Security functions have historically been deployed in the enterprise datacenter. This was because enterprise IT used to be self-contained; it was separated from the outside world by a barrier of protection called the firewall. The boundaries became permeable as organizations become more connected to the internet. With the growing importance of web-facing applications and the rapid growth of mobile technologies, the last decade has seen those boundaries become ever more porous.

One approach is to spend more money on the problem. Enterprises are forecasted to increase spending on security to $81.7bn this year, an 8.2% increase over 2016 according to IDC’s Worldwide Semiannual Security Spending Guide. Security hardware and software in 2017 are expected to generate $15.2 billion in sales, while endpoint security software segment will garner $10.2 billion in revenues this year, according to IDC.

And yet in the U.S. alone, there were 1,093 data breaches in 2016, a new all-time record, according to a report released by the Identity Theft Resource Center (ITRC), a non-profit consumer organization.
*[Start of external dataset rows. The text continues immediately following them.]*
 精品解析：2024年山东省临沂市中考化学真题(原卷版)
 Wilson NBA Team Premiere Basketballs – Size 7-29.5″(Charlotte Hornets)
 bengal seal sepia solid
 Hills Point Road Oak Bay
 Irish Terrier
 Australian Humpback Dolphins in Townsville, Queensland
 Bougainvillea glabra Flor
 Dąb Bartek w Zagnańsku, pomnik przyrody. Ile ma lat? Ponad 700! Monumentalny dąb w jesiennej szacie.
The increased spending doesn’t seem to correlate with greater security; researchers have offered estimates that suggest that a significant portion of security spending —sometimes upwards of 30% or more– goes wasted, with technology going unused for a variety of reasons, including not being able to integrate it with existing systems and not having enough staff to use the technology on an ongoing basis.
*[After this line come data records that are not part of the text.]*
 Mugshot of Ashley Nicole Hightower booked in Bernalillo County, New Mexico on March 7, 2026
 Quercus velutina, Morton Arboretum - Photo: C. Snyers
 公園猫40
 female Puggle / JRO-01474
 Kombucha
Evolving scope and size of threats

Threats continually evolve and seem to always be increasing in scope. A new variant of Petya ransomware infected systems across Europe in June 2017, causing trouble in organizations ranging from Danish-based shipping giant AP Moller-Maersk to health care facilities in Pittsburgh, PA in the USA. An attack of a different type, the Mirai Botnet attack used compromised DVRs, IP video cameras and other devices to target Dyn, a provider of domain name system (DNS) services, in October 2016. The distributed, denial-of-service attack (DDoS) attack affected multiple DNS servers and caused interruption of services to a number of well-known sites, such as Twitter and Amazon.
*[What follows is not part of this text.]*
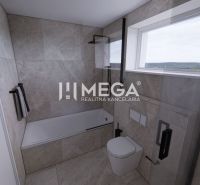 Badezimmer mit Badewanne und Fenster bietet Blick auf die Landschaft. Einfamilienhaus.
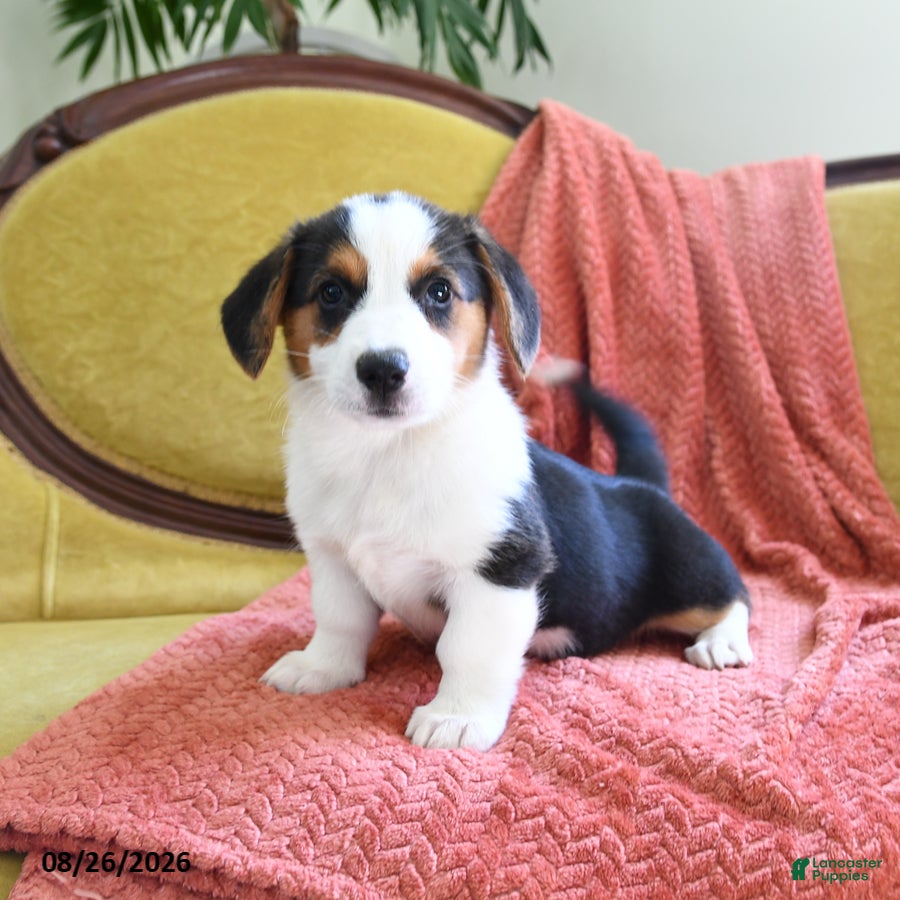 Welsh Corgi Pembroke dogs Bethany - Ad 1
Attack traffic reaching 300Gbps or more was seen over half a dozen times in 2016, more than enough to overwhelm the DDoS defenses of a single enterprise datacenter. This means more hardware (or software) concentrated in an enterprise datacenter won’t solve the security problem.

Re-architecting the enterprise network for security

To handle the scale and scope of attacks to come, more enterprises are starting to look at building a distributed network architecture (see Figure A). In essence, this architecture is characterized by:

  • Aggregation of traffic from regional branches of the enterprise or partners and suppliers into regional hubs.
  • The hubs are located in carrier neutral datacenters, offering interconnection points with cloud service providers
  • The underlying access networks (MPLS, LTE, broadband) are managed as a logical network via SD-WAN technology

Figure A: Example of a distributed network architecture

There are a number of benefits to shifting ingress and egress traffic to the regional hubs instead of through a datacenter at the company headquarters. Network security is improved by

  • Reducing the distance data is moving across the public internet – there are fewer routers and switches and packet inspection devices that are potentially misconfigured or compromised.
  • Additionally, the use of direct interconnection with cloud services reduces the attack surface available to hackers.

Taking security to the (network) edge

Further enhancements to security can be gained from the distributed network architecture. How? If the enterprise has already interconnected via multi-tenant datacenters, the placement of compute and storage resources at the ‘edge’ gives an opportunity to extend security policies and process used in the enterprise datacenter closer to where users are.

The recent SANS Institute 2017 Data Protection Survey surveyed InfoSec professionals, who identified encryption of data at rest and in transit, access controls, firewall and Unified Threat Management (UTM) as the top three network related controls for data. It follows then that if the network functions are distributed as suggested above, then the security functions need to move with them.

The architecture can vary based on factors such as space and power availability and the use case as well. A large branch office might do well to have a nearby hyper=converged infrastructure (HCI) (Fig. B below left) for additional processing power to go with a layer of security functions.

Figure B: Examples of application and security functions at distributed network nodes.

Examples of functions include (but are not limited to):

      • VPN/secure access/user and application access policy control
      • Content filtering
      • DDoS mitigation
      • Bot detection
      • IDS/IPS

Different traffic and performance requirements might see enterprises using a mix of cloud-based services and dedicated appliances, or a fully virtual appliance approach (Fig. B above right).

The gain and the pain

Ultimately, the goal of applying a distributed network architecture increases security by enhancing the ability to follow industry best practices, while taking into account the new challenges of mobile users and distributed applications. For example, the practice of segmentation of network traffic. Being able to separate out different classes of traffic addresses needs for data protection with regulations and laws such as PCI, HIPAA, and GDPR that require separation of sensitive data.

Given that network policy enforcement becomes more challenging with growing number of endpoints-most notably mobile devices on sometimes unsecured wireless networks-doing at the network edge enables application of policy closer to the user’s first point of entry. This approach makes it more efficient to prioritize risk profiles and map those profiles to network policies. One example of this in practice might be the offloading of low-risk traffic to public internet connections before it aggregates into a big load at a central location—a location that has a high-cost MPLS for performance and security reasons. Why saturate those links with low-priority traffic? Why let that traffic mingle with more sensitive data?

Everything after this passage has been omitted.